## Required work
Write out, as an exact transcription, the line that has "Gerbera in pink t-shirts" and each line after it through the end of the data below.

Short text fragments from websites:
⁂
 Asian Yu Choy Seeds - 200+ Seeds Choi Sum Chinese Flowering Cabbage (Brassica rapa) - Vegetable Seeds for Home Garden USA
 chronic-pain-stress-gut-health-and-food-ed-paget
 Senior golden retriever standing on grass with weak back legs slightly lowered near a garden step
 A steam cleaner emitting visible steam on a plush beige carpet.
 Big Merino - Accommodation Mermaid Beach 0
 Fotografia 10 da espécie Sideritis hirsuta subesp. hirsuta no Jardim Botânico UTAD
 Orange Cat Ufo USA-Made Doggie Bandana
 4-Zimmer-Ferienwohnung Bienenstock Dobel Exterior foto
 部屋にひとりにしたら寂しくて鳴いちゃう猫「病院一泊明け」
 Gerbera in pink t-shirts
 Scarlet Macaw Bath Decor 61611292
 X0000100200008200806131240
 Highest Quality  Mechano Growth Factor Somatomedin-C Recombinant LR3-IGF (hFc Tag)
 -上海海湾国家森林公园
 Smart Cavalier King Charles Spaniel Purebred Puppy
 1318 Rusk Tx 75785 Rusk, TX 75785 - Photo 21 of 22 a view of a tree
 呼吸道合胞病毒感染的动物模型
⁂
## Solution to this problem
 Gerbera in pink t-shirts
 Scarlet Macaw Bath Decor 61611292
 X0000100200008200806131240
 Highest Quality  Mechano Growth Factor Somatomedin-C Recombinant LR3-IGF (hFc Tag)
 -上海海湾国家森林公园
 Smart Cavalier King Charles Spaniel Purebred Puppy
 1318 Rusk Tx 75785 Rusk, TX 75785 - Photo 21 of 22 a view of a tree
 呼吸道合胞病毒感染的动物模型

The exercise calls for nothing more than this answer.